Pour connaître la valeur d’un tableau attribué à Kapoustine, vous pouvez demander une estimation gratuite auprès de Fabien Robaldo. L’analyse s’appuie sur les caractéristiques visibles, la signature, les informations disponibles et des comparables de ventes vérifiées, afin d’obtenir un avis clair et documenté.
FAQ
Qui est Grigori Ivanovitch Kapoustine ?
Grigori Ivanovitch Kapoustine, aussi orthographié Kapustin, est un peintre paysagiste actif entre la fin du XIXe siècle et le début du XXe siècle. Il est surtout rencontré sur le marché pour des paysages et des marines associés à la mer Noire et à la Crimée.
Kapoustine et Kapustin, est-ce le même artiste ?
Oui, il s’agit le plus souvent d’une variation de translittération du cyrillique vers l’alphabet latin. En expertise, il faut toutefois vérifier au cas par cas, car des homonymes existent et les orthographes peuvent créer des confusions.
Quels sujets sont les plus fréquents chez Kapoustine ?
Les sujets les plus fréquents sont les marines, les côtes et les scènes au crépuscule ou au clair de lune. On rencontre aussi des paysages ruraux ou fluviaux.
Quels matériaux retrouve-t-on le plus souvent ?
Le plus courant est l’huile sur toile. Il existe aussi des œuvres sur supports rigides (panneau, carton, toile marouflée), selon les pièces observées en vente.
Comment reconnaître une signature de Kapoustine ?
La signature, lorsqu’elle est présente, est souvent en cyrillique. Son emplacement, son graphisme et sa cohérence avec l’œuvre doivent être comparés à des références documentées.
Pourquoi parle-t-on de paysages naturalistes pour cet artiste ?
Parce que ses paysages reposent généralement sur une construction crédible de l’espace et sur des effets atmosphériques cohérents (lumière, ciel, eau, météo). Le naturalisme peut inclure des effets de clair de lune ou de coucher de soleil, tant que la scène reste plausible.
Quels critères font varier la valeur d’un tableau de Kapoustine ?
Les principaux critères sont la solidité de l’attribution, l’attrait du sujet, le format, l’impact visuel, la présence d’une signature lisible, la provenance et la comparabilité avec des ventes publiées.
Une marine vaut-elle plus qu’un paysage rural ?
Souvent, les marines et scènes nocturnes sont plus demandées car elles correspondent à l’image la plus recherchée de l’artiste. Mais un paysage rural abouti, bien composé et bien attribué peut aussi être très apprécié.
Les prix publiés incluent-ils toujours les frais ?
Non. Selon les maisons de vente, le résultat affiché peut être un prix marteau ou un prix incluant des frais.
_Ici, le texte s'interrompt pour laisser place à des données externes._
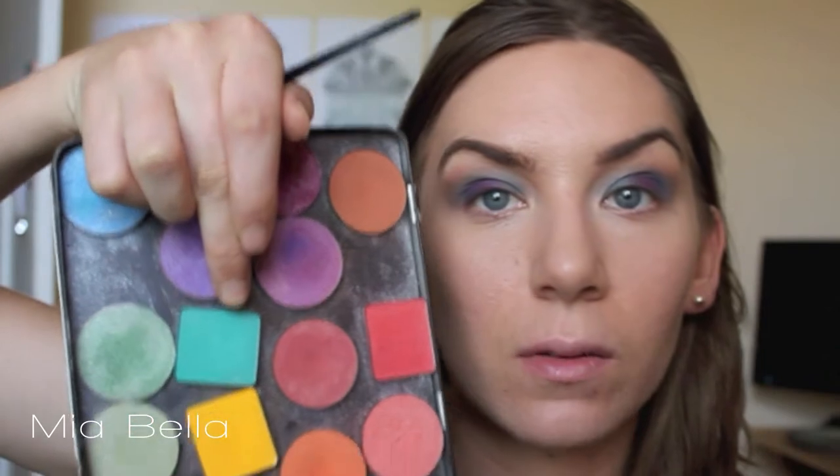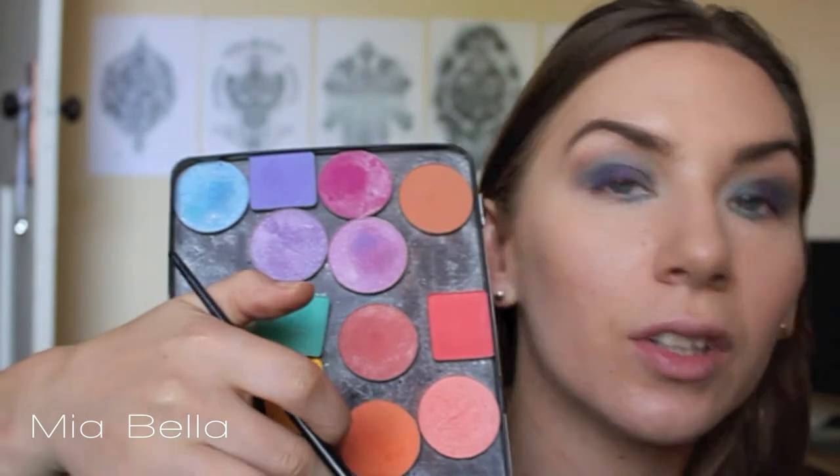Then taking an angled brush I'm patting this into a light turquoise blue shade by Inglot — 372 in the matte range — and I'm doing this on the inner corner, just sweeping that along and stopping at the middle of my eye. I'm then taking a matte brown shade — I think it's 329 by Inglot — and meeting it and joining it in the middle with the blue.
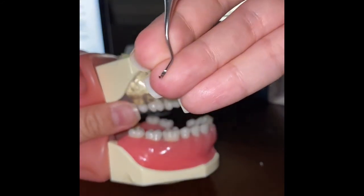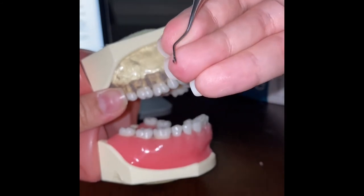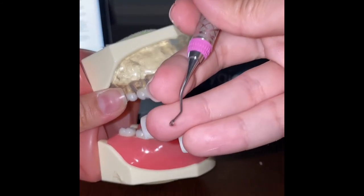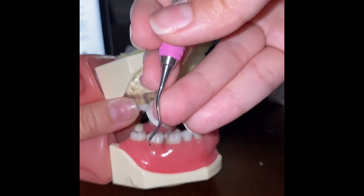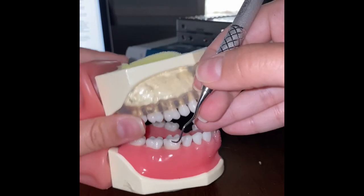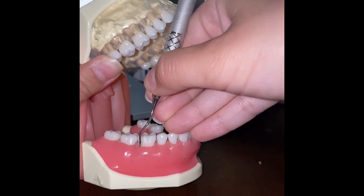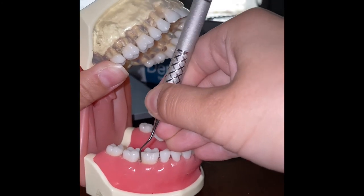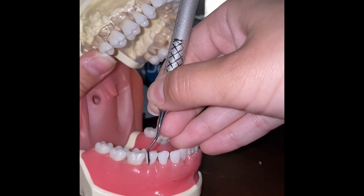We're looking for the lower blade on the correct working end. We begin at the distal line angle of tooth 30, insert, open, and activate. We work fully interproximal, then do the same for tooth 29.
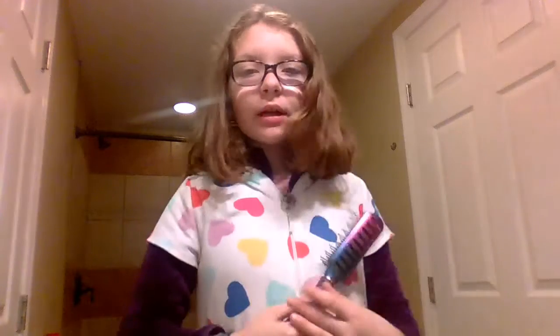First thing I do is I get a hand brush and start to brush my hair. And once I'm finished, it will look like this.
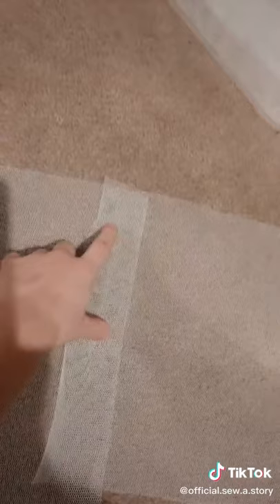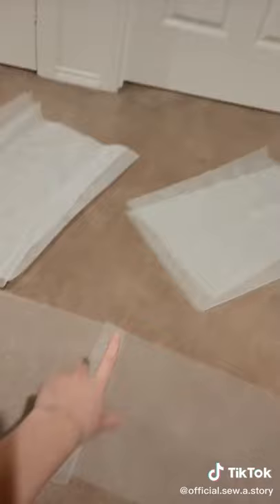Now what you want to do is pair them with each other and sew them together. Do this for all of them. Once done, all strips should be sewn together like this.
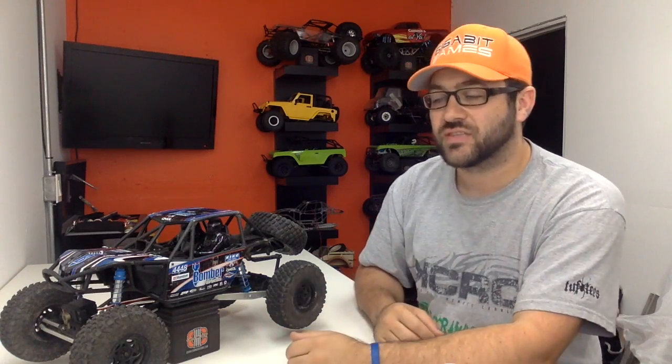The lockers that come with the Bomber here are a centered metal design and they run inside of that plastic diff cup. I have actually yet to tear those lockers out of this axle. It's not uncommon for those things to blow up pretty quickly when you're running a big brushless system like we've got in this car right now. If you're not running a big brushless system, they'll last a little while longer, but typically they do fail over time when running a 2.2 size tire especially.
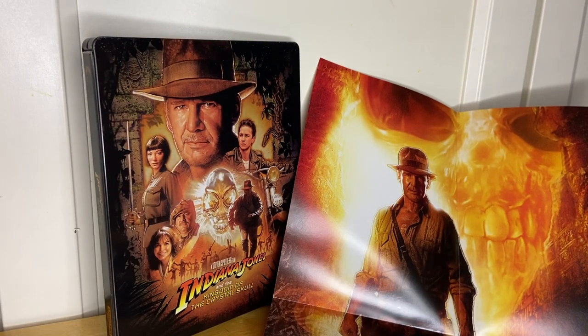So all in all, Paramount did a great job here. All four of these have looked fantastic and I can't wait to put this one in the player to see how it looks and sounds. The rest of them look and sound amazing. Top quality video and audio from Paramount.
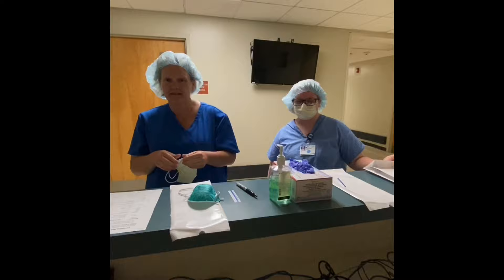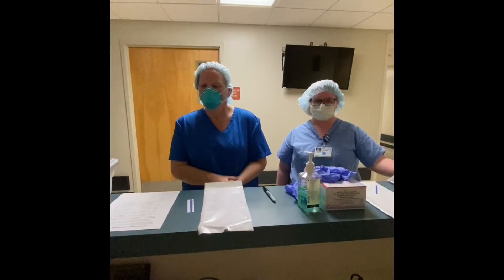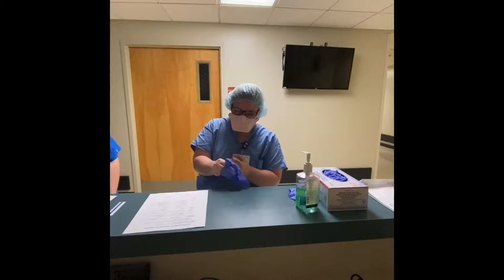I wanted to take a few minutes to talk with you about how to reprocess... stop. We should have got this first try. Alright, so now we're going to doff the mask. In order to do that, I've got to put on gloves for safety.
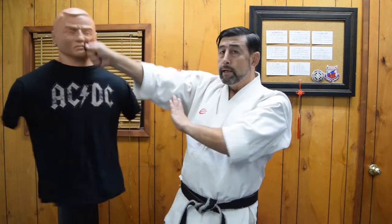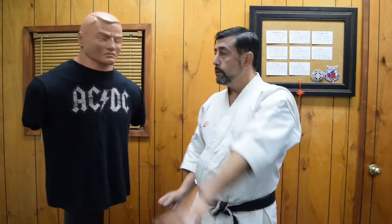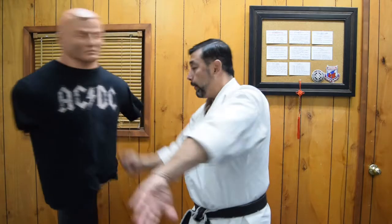This technique I would only use in self-defense situations on the street — it would be perfect to the neck right here. But I would not use it in kumite or any other situations.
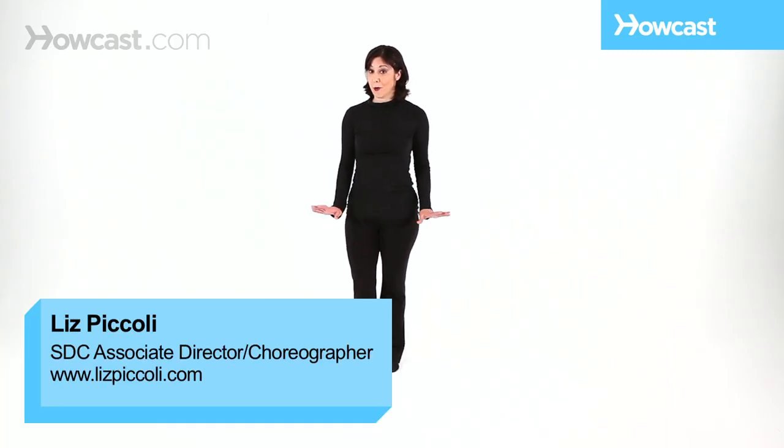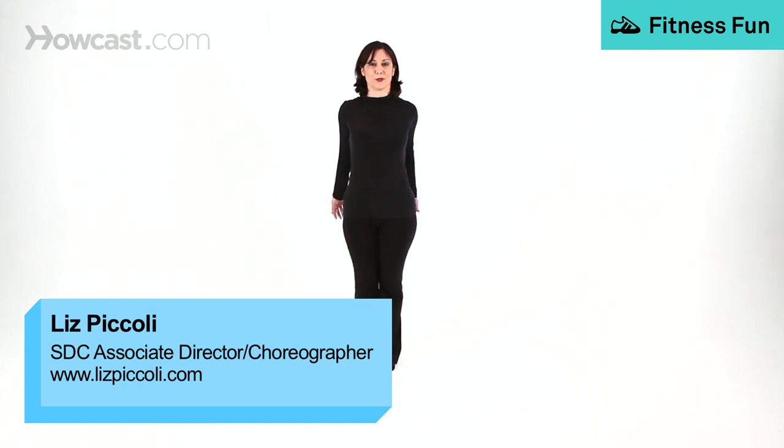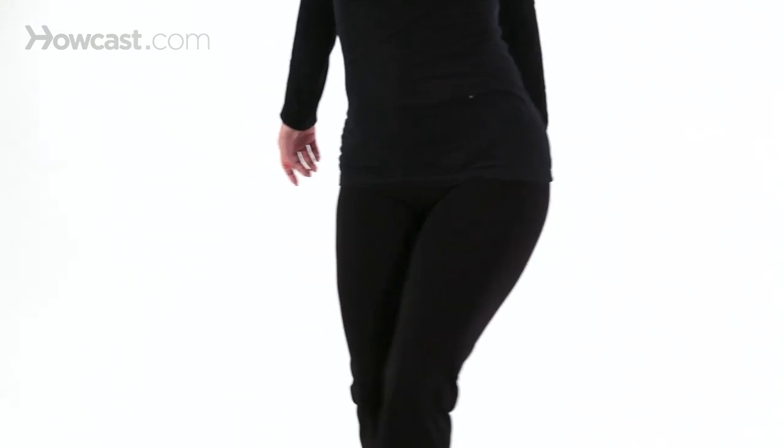Now I'm going to demonstrate what a hip walk looks like. Arms press back, up on your toes, and we rock. Hip, hip, hip, hip. So that's a stylized jazz walk, and now I'm going to break it down and explain exactly how it's done.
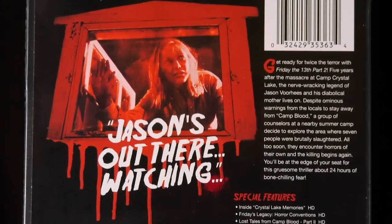This new steelbook doesn't really include anything that we haven't seen before. The special features include Inside Crystal Lake Memories, Friday's Legacy Horror Conventions, Lost Tales from Camp Blood Part 2, Jason Forever, and the original theatrical trailer. And of course you get the digital movie as well for those that are interested in that.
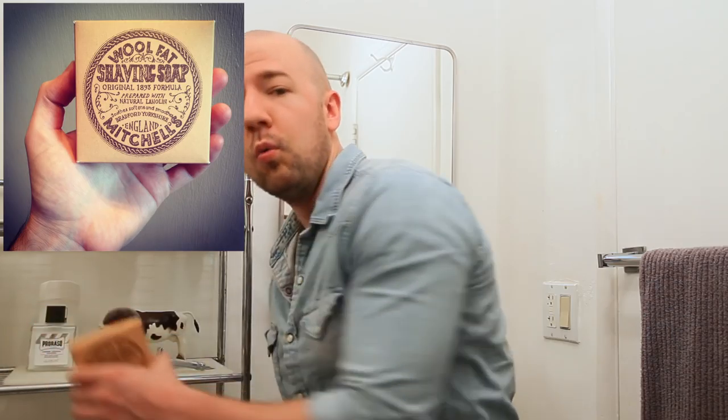Hey guys, welcome to another episode of Bald and Beardless. Today I'm going to be shaving with Mitchell's Wool Fat Shaving Soap. Now Mitchell's is notoriously hard to lather, and if you guys have been paying attention to this show at all, if you've watched any past episodes, you know that my biggest problem is lathering.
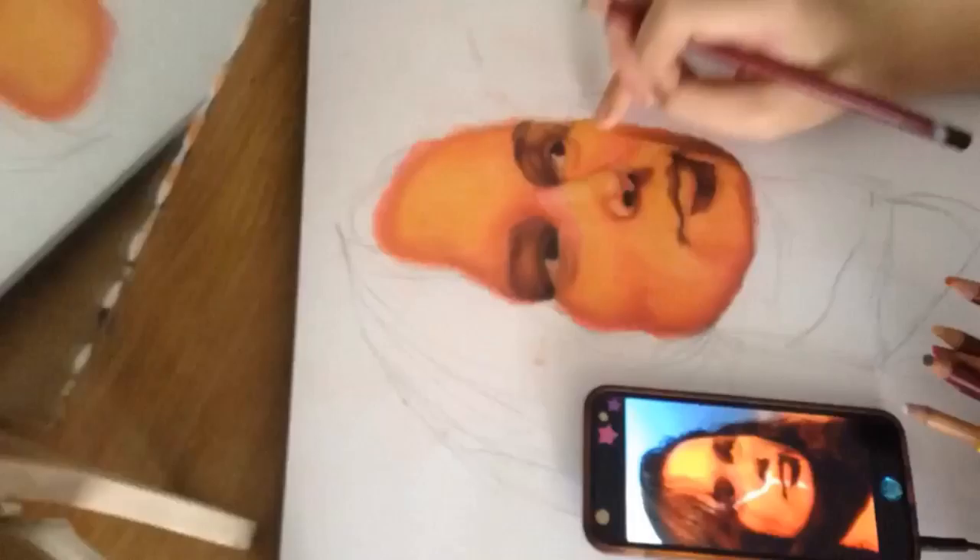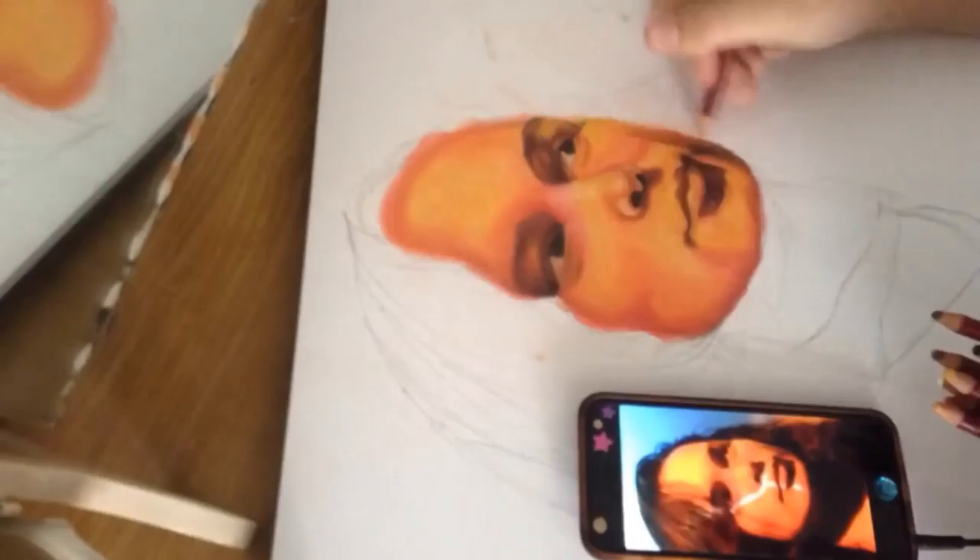I don't know why I'm posting this — my face wasn't even half done by the time I did this, but you know, it's the point that counts. A lot of people at school watch me draw, so I thought, hey, I have a camera on my phone, why not use it? So I did.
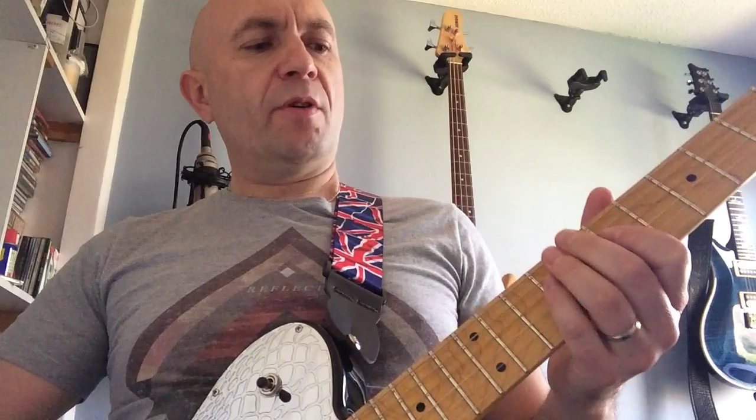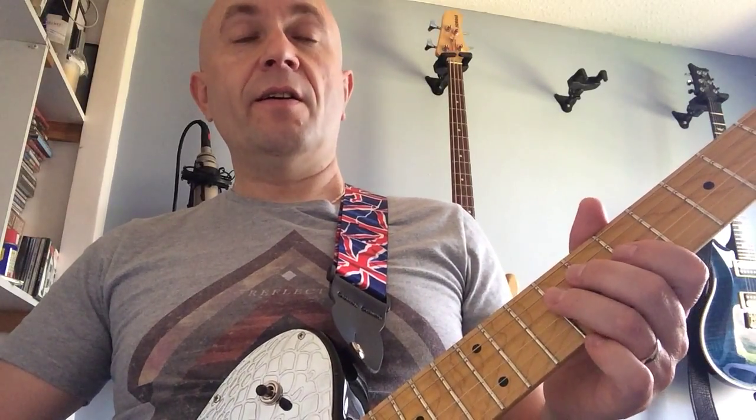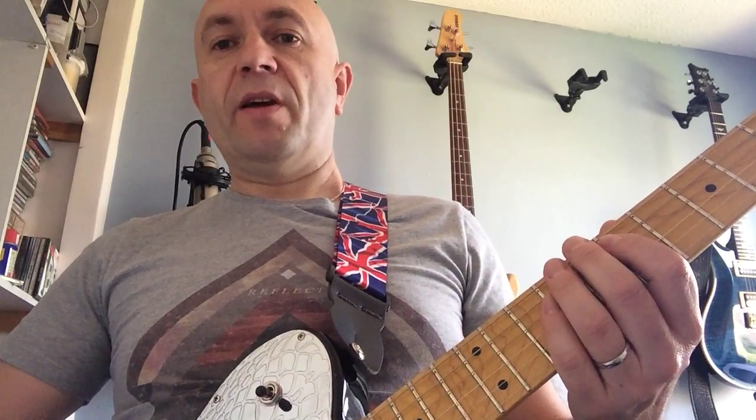The only lead part comes in then. There's a little riff — it starts on the 7th fret A string, 9th fret G string, 7th fret G string, 9th fret G string twice. Then 7th fret D, 9th fret D, 7th fret G, 9th fret G. Makes more sense if I play it.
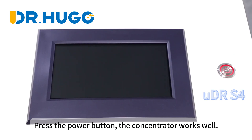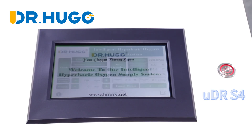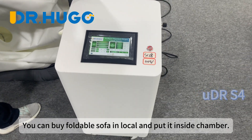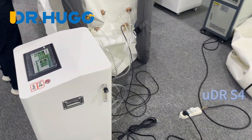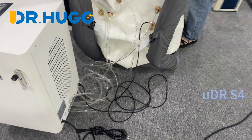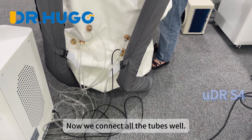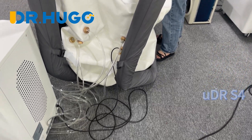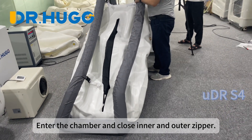Press the power button — the concentrator works well. You can buy a foldable sofa locally and put it inside the chamber. Now that we have connected all the tubes, we can start the oxygen therapy. Enter the chamber and close the inner and outer zippers.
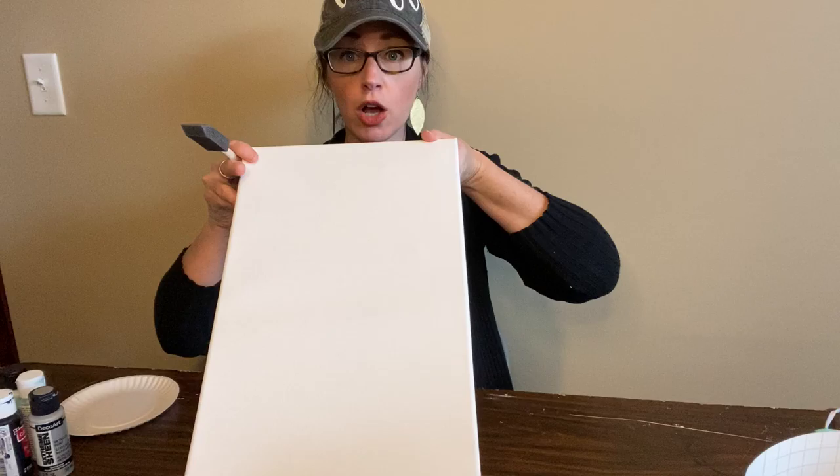Hey Regan, can you grab me the white that's in the closet? I have an assistant on hand real quick. I forgot white because I want to blend — I need white and the gray.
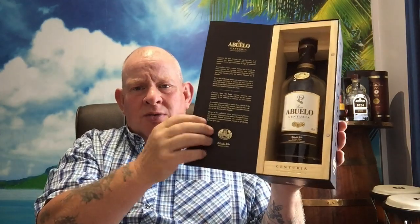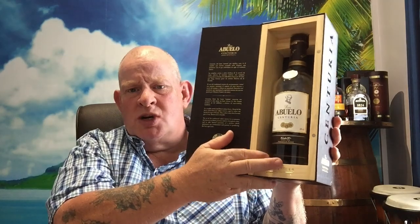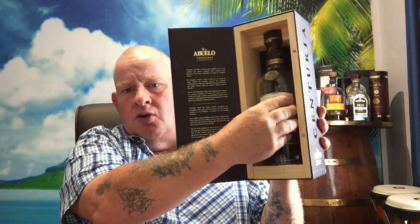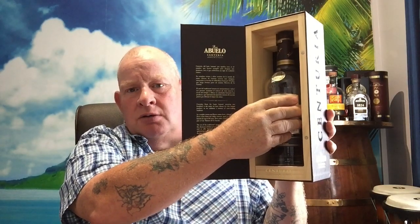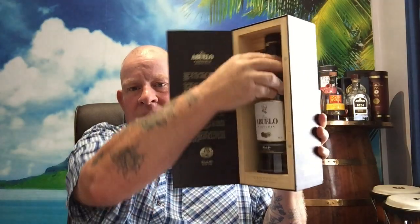Looking at the bottle — it comes in a gorgeous velvet-type box with 'Abuelo Centuria' on the side. You open it up, you get the information about the rum. It's a lovely solid wood-lined box. There's no movement on that bottle at all in the box — once it's in there and it's closed, it's safe. It's really, really done well.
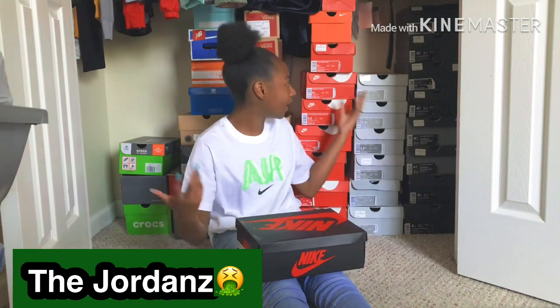What's up YouTube, our first video is the shoe collection, as y'all can see in the back.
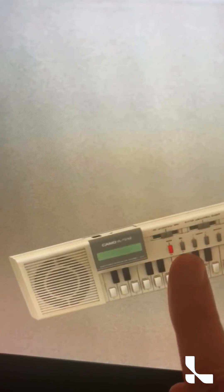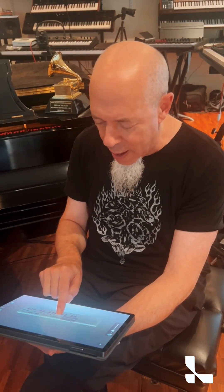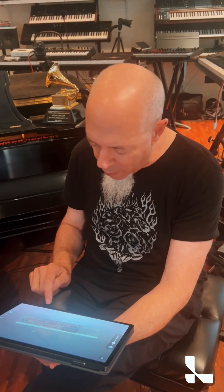I can make it shrink and grow, look at any part of this instrument that I want on the screen. Absolutely so awesome.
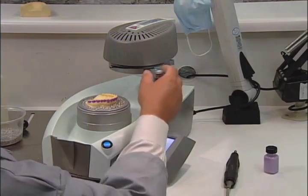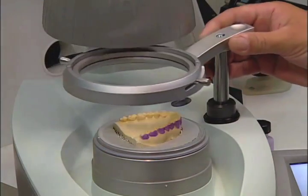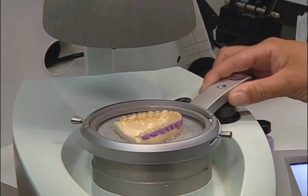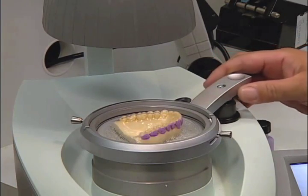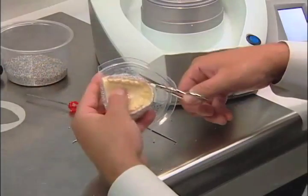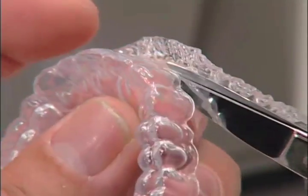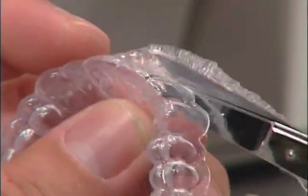Place the foil frame under the heater. When the audible signal has sounded, move the foil frame over the model and seat it to thermoform the tray. Remove the tray from the model and begin cutting your desired dimension from the ErcoFlex material using the special scissors.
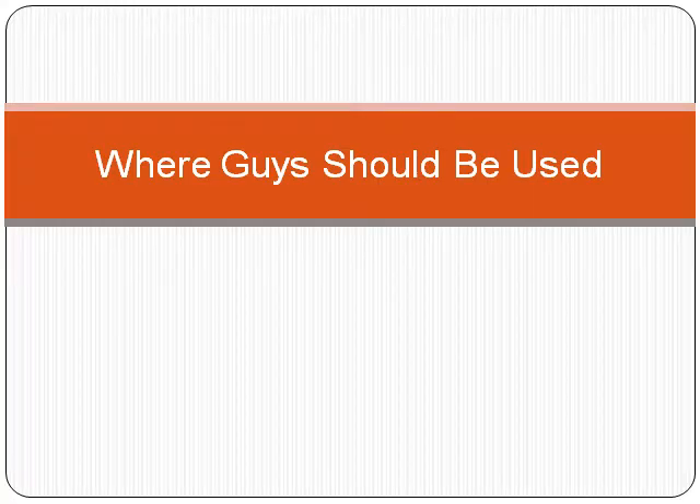Hello and welcome to the electrical engineering boot camp. In this lesson, I am going to talk about where guys should be used.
Il faut vérifier la présentation du résultat pour comparer correctement.
Comment utiliser les résultats d’enchères pour estimer une œuvre ?
Il faut comparer des œuvres proches : sujet, dimensions, support, période, niveau de finition, et qualité d’attribution. Une comparaison sur un seul critère, comme la taille, conduit souvent à des écarts d’interprétation.
Pourquoi une expertise est-elle utile pour Kapoustine ?
Parce que le marché comporte des variations d’orthographe, des attributions prudentes et des œuvres de qualités inégales. Une expertise aide à sécuriser l’identification et à situer une valeur cohérente avec les comparables.
Que faut-il préparer pour une estimation gratuite ?
Des photos nettes (face, signature, dos), les dimensions, le support, et toute information de provenance (facture, succession, collection) permettent d’établir une première analyse plus fiable.